The garage myth is definitely not a Malaysian thing. The garage has a starring role in the creation story of big American corporations and rock bands. It’s a uniquely American myth that a company or band has humble origins in the family garage with nothing more than a great idea, some second-hand stuff and lots of hard work and ambition. And before you know it, they are Hewlett-Packard or The White Stripes.

Hewlett-Packard is the world’s leading PC manufacturer and the legend has it that Mr Hewlett and Mr Packard started the company in a rented Palo Alto garage in 1939. They were only there for 18 months, but Hewlett-Packard bought the old garage in 2000 and turned it into a museum, called “The Birthplace of Silicon Valley”.

Apple also famously started in a garage and, not to be outdone, Google recently celebrated its 15th anniversary in its original garage. They call their collaborative creative space the Google Garage. Microsoft has its own creative space, called the Garage. Rock bands like Velvet Underground, Ramones and The White Stripes may or may not have started life in an actual garage, but they and thousands of others are often referred to as Garage Rock because it makes sense that they first bashed out their driving sound in the sealed acoustics of a garage. But for every one The White Stripes, there are thousands of bands that fell by the wayside without ever glimpsing a record contract because their sound never found an audience.

These garage creation stories are all true up to a point. The founders of HP were no doubt hardworking and inspired, but both Hewlett and Packard were also Stanford University graduates of electrical engineering and they started their company right on the eve of the Second World War, which would require lots of advanced electronics (although their first customer was Walt Disney). Success certainly came through old-fashioned hard work and a gift for salesmanship but also through fortunate timing. Many of the founders of Apple, Microsoft and Google were graduates (especially of Stanford) and they entered a brand new market with brand new products. Steve Jobs and Bill Gates are famous college dropouts but they and their partners actually knew their stuff. They were not sons of rich and well-connected people who were simply given huge amounts of money to do something, er, you know, hi-tech. Instead, they and their products were tested in the marketplace. The American garage creation story may be a romanticised myth, but it does have an element of truth.

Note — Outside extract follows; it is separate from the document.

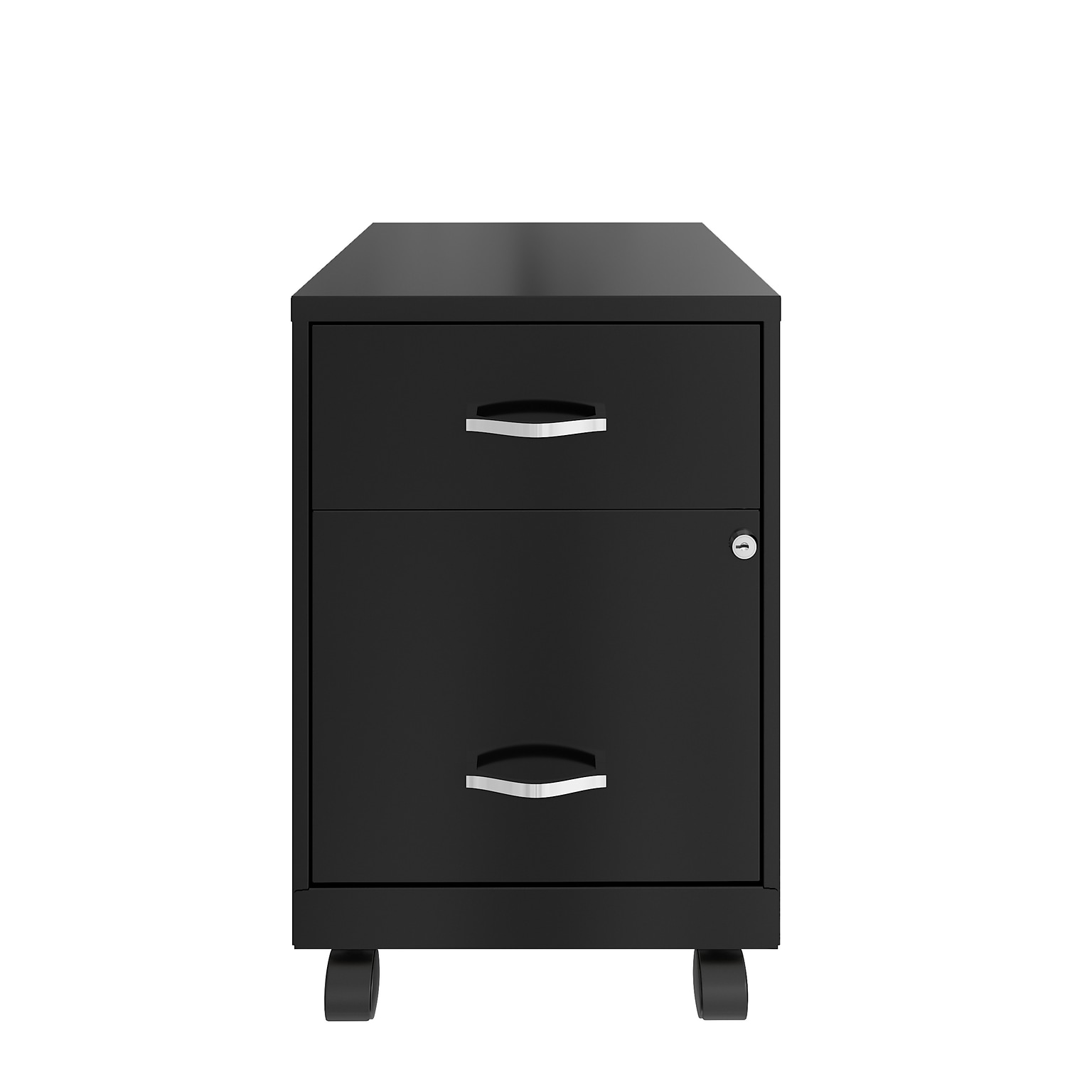 Space Solutions 18 2-Drawer Mobile Vertical File Cabinet with Accessory Drawer, Letter Width, Black (25707)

The garage myth is not a Malaysian thing. In Malaysia, we want to skip the garage stage altogether and jump straight to the big time. The garage stage has no glamour, and we want glamour. All too often, huge amounts of money are given to ideas with absolutely no basis in market reality, unless the market testing is something that somebody saw on holiday. And all too often, it is money that has been harvested from taxes. All too often, this creates an alternative economy with an alternative reality where the point is to raise funds and not necessarily to create a product that anybody actually wants. The important thing is the lifestyle that goes along with business, and not business itself. If there is a Malaysian garage stage, then that garage must have two Ferraris.

Dear Kam,
I’ve got this feeling that people at my office don’t respect me. I mean, is it normal to have your desk in the elevator? And it’s not even a desk. It’s an old pizza box.
Despondent

I had a strange out-of-body experience the other day. I have one suit and it is a spectacularly good one that cost me a lot of money. I bought it in a moment of madness and I couldn’t really afford it or justify it because I never have a reason to wear a suit. Somebody quite literally has to die before I wear my suit because I’ve only worn it to funerals. But the other day, I had to do something that required me to look a bit smarter than usual. Normally, I style myself on a homeless and/or casual-Friday version of the creature from the Black Lagoon, but on this occasion, I have to say, I looked fantastic.

So, I went to my appointment at an office that I’ve been to many times before and the strangest thing happened. Everybody gave me respect. I could tell that they were doing the respect thing because I could compare it with other times that I’d been to the same office and it was suddenly abundantly clear that what they had been doing previously can only be described as not doing the respect thing. I felt a bit conflicted by this change in attitude towards me. I was enjoying the respect, but I was also aware that I was exactly the same person as before. I just happened to be wearing a fantastic suit (and exquisite Church’s handmade shoes).

After the appointment, we went for lunch at a five-star hotel and again, I felt the respect thing. It is the job of hotel staff to be respectful to guests, but usually, if I ask them for directions to a restaurant, they’ll send me to the service elevator and get me to do the washing up. But in my fancy suit (and shirt from London’s Jermyn Street), they even did that ridiculous hand-on-heart salaam thing. Whereas, normally, I would struggle to get anybody’s attention, the service was suddenly excellent, fast and attentive. I could only surmise that it was because of my magic suit (bespoke tailoring from London’s Savile Row).

What lessons can I draw for this experience? Clearly, we judge people on their external appearance, which is shallow and wrong. Surely, I am the same person whether or not I am wearing a fancy suit. Surely, I am not what I wear but I am my ideas, my thoughts and my deeds. Isn’t that how I should be judged? They’ve got a problem with the way they judge people, not me. And yet, if I show I am making an effort by wearing a good suit instead of my usual “Frankie Says Relax” T-shirt, then I’m giving them respect, which will be reciprocated. Or perhaps I imagined the whole thing and my excellent suit was subconsciously filling me with a sense of self-respect?

Perhaps the real lesson lies somewhere in between, but one thing is certain: If you’re a man, then it pays to get a really good suit. But it will never be as good as mine, and I’m not going to give you the name of my tailor.